Durch die musikalische Gestaltung von barocken bis modernen Stücken in der Kirche wird bewusst gemacht, dass Erinnerung auch Sinnlichkeit und ästhetische Tiefe haben kann, sie lädt ein, innezuhalten, zuzuhören, nachzudenken.
Auch die Rede von Bürgermeister Anders und die Worte von Pfarrer Weimann tragen dazu bei, dass vergangene Opfer nicht bedeutungslos bleiben und Stattdessen dazu aufrufen, heute so zu handeln, dass weitere Opfer vermieden werden.
In Anbetracht der Geschichte und der aktuellen Weltlage wird klar: Gedenken ist keine bloße Rückschau – es ist Auftrag. Solidarität wird hier zum Schlüsselwort. Denn wer die Opfer von Krieg, Gewalt und Verfolgung ehrt, verpflichtet sich zugleich, Gegenwart und Zukunft verantwortungsvoll zu gestalten. In einer Stadtgemeinschaft wie Ratingen heißt das: Wir nehmen einander wahr, die Angehörigen der aktiven Gremien, die Kirchen, die Mitbürgerinnen und Mitbürger – und wir handeln gemeinsam. Die vielen Besucher, die Bruderschaft und die Feuerwehr haben eindrücklich gezeigt, dass bürgerschaftliches Engagement Gedenkraum nicht nur formell möglich macht, sondern mit Herz und Tat. Die Kränze symbolisieren dabei Erinnerung, verbinden Institutionen, Bürgerinnen und Bürger im Geist der Anerkennung und des gemeinsamen Respekts.

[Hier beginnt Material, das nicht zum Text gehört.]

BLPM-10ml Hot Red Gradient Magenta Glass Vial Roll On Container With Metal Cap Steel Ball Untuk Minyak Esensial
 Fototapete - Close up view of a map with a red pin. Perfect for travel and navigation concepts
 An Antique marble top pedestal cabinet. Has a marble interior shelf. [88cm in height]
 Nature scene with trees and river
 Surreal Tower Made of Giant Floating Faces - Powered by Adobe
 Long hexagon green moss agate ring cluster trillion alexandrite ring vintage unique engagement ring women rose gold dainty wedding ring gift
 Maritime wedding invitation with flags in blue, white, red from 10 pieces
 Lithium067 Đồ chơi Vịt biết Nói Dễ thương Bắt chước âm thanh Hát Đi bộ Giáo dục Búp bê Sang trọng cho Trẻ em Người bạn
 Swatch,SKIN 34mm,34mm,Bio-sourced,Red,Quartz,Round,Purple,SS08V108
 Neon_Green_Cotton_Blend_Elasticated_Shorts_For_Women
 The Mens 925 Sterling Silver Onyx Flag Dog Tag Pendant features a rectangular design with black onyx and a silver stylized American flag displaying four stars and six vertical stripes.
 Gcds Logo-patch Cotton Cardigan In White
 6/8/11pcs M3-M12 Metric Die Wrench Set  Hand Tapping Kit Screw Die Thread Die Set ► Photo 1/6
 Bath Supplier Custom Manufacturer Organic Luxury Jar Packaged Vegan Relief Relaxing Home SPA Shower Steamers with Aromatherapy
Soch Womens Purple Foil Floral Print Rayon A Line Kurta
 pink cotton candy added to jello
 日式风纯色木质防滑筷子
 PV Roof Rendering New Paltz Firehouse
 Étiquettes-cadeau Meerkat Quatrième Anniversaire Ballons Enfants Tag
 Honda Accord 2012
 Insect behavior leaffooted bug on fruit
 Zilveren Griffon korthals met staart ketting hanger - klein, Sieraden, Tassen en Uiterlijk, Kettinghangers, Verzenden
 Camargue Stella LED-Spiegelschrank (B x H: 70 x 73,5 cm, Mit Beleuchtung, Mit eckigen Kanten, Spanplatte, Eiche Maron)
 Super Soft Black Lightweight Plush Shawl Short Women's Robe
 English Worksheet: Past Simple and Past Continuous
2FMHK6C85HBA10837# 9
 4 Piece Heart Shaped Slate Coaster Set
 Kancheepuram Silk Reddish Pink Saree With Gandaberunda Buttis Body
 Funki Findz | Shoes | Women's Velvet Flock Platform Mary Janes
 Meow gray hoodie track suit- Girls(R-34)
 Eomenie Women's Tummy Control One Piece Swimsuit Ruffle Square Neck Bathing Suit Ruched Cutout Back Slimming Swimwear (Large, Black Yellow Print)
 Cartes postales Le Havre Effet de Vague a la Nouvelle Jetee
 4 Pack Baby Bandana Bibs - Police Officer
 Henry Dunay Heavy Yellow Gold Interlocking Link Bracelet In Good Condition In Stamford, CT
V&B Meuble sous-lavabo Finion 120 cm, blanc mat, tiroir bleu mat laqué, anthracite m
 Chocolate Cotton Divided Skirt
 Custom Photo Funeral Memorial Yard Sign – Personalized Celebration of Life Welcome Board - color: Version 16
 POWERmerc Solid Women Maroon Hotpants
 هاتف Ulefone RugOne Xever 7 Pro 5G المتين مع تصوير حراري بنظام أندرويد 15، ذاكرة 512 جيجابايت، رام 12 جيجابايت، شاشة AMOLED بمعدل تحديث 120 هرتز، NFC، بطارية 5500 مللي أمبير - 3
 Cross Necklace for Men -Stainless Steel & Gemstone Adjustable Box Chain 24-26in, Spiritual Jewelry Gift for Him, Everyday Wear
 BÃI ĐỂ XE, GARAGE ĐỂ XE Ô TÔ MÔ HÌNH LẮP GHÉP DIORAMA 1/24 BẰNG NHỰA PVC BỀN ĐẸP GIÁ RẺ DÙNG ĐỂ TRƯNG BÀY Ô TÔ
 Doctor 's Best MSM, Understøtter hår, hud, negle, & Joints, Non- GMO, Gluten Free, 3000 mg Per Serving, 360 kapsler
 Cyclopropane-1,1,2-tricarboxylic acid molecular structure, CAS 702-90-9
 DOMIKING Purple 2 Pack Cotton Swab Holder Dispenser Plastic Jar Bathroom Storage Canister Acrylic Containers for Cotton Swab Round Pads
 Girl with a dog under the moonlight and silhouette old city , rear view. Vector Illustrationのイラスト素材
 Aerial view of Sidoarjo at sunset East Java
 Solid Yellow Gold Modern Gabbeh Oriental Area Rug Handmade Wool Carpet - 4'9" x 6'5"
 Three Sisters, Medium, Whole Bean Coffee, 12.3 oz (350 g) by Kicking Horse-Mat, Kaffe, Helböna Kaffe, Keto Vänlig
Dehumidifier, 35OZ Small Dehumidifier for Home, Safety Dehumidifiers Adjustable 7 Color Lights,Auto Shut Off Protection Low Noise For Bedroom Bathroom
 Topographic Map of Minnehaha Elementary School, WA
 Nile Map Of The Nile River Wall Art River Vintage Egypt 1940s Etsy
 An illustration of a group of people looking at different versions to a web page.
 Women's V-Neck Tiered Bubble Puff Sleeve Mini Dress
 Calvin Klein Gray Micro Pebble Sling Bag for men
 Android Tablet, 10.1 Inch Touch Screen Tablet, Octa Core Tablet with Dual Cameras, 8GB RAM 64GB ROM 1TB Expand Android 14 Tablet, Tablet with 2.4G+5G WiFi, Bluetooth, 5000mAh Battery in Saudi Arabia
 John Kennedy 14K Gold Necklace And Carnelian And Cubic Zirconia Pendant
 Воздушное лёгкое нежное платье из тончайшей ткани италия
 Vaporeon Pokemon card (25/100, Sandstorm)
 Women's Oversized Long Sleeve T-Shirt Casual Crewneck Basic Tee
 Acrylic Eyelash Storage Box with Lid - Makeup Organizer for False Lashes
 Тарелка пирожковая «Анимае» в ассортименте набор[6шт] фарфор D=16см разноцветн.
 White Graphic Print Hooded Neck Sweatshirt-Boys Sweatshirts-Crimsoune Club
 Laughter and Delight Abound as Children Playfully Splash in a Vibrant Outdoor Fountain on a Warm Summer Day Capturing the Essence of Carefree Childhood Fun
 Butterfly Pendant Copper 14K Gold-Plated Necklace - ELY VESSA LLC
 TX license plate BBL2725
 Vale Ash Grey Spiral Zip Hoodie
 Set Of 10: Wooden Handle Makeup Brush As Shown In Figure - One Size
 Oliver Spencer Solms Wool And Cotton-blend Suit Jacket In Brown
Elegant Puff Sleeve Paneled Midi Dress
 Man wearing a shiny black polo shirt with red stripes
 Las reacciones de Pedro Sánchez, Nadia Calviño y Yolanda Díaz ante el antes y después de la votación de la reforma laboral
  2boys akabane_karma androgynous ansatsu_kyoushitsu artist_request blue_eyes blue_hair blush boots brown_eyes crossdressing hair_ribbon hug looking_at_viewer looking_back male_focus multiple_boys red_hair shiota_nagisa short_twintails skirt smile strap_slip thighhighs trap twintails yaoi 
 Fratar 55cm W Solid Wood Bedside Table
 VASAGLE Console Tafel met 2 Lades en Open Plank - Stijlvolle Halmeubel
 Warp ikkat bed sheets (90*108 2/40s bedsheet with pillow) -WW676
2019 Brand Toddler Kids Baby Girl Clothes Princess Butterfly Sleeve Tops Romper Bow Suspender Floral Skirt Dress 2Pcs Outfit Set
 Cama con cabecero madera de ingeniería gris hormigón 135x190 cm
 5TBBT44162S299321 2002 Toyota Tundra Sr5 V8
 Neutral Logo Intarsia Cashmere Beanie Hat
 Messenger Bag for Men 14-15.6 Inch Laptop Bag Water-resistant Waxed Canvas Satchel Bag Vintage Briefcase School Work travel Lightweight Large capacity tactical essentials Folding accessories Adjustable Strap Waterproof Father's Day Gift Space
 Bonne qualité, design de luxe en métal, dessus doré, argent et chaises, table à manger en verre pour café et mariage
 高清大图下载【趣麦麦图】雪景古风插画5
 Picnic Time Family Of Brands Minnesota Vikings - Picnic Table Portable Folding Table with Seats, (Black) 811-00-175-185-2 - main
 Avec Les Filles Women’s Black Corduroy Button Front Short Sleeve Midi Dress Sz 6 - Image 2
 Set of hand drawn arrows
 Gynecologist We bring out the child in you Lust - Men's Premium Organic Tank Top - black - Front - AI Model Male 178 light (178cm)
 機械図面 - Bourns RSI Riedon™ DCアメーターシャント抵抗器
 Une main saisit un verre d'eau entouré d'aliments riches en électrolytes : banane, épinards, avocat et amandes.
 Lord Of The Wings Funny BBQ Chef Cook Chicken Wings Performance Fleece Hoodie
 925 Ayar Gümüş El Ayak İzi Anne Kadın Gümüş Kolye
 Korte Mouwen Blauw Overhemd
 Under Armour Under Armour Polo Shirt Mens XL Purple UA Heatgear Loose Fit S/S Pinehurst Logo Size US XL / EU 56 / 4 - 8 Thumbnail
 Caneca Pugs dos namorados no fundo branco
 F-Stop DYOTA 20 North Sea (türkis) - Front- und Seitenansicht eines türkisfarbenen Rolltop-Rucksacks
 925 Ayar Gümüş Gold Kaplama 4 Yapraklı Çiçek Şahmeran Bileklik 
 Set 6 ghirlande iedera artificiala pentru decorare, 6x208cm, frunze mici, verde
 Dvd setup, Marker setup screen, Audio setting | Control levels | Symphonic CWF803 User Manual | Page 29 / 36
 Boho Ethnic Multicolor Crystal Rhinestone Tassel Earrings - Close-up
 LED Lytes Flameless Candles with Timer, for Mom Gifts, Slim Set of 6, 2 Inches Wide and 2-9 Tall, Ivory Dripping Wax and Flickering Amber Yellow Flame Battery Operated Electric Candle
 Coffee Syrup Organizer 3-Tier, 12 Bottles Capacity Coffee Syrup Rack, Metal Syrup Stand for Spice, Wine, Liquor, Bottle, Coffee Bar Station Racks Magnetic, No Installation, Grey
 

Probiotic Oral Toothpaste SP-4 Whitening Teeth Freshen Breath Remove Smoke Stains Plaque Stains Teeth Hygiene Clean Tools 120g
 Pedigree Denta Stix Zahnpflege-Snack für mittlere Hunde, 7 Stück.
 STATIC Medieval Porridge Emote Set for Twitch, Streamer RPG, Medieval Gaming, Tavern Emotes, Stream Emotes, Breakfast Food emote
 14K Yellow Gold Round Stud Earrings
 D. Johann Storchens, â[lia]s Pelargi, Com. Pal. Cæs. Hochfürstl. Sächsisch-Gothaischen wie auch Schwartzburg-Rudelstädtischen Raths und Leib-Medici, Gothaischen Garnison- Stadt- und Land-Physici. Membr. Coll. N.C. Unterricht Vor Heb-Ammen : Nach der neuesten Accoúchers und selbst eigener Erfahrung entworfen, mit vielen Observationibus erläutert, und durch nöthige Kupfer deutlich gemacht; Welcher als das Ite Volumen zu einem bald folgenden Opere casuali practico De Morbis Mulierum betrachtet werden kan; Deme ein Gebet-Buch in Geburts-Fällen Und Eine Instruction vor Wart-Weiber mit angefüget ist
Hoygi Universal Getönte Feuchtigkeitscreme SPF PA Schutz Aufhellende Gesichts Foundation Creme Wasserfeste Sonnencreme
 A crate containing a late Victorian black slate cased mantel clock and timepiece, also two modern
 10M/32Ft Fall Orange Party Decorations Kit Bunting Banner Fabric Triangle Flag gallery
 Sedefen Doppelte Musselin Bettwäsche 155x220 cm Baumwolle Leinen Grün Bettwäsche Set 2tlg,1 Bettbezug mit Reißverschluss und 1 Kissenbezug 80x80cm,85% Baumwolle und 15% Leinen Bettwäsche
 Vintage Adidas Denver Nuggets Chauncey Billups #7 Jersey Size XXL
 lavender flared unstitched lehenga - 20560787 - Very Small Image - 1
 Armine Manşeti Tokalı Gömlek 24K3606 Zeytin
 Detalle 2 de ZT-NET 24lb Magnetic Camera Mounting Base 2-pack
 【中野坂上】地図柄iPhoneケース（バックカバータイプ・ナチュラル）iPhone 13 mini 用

Am Ende steht nicht nur das Gedenken – sondern der Blick nach vorn. Heute haben wir innegehalten, haben reagiert auf das, was war. Zugleich wurde deutlich: Erinnerung verlangt Haltung – in der Gemeinschaft, im Alltag, im Handeln. Wenn wir die Würde der Verstorbenen mit dem eigenen Verantwortungsbewusstsein verknüpfen, dann wird der Volkstrauertag mehr als eine Zeremonie. Er wird Ausdruck gelebter Solidarität und demokratischer Erinnerungskultur.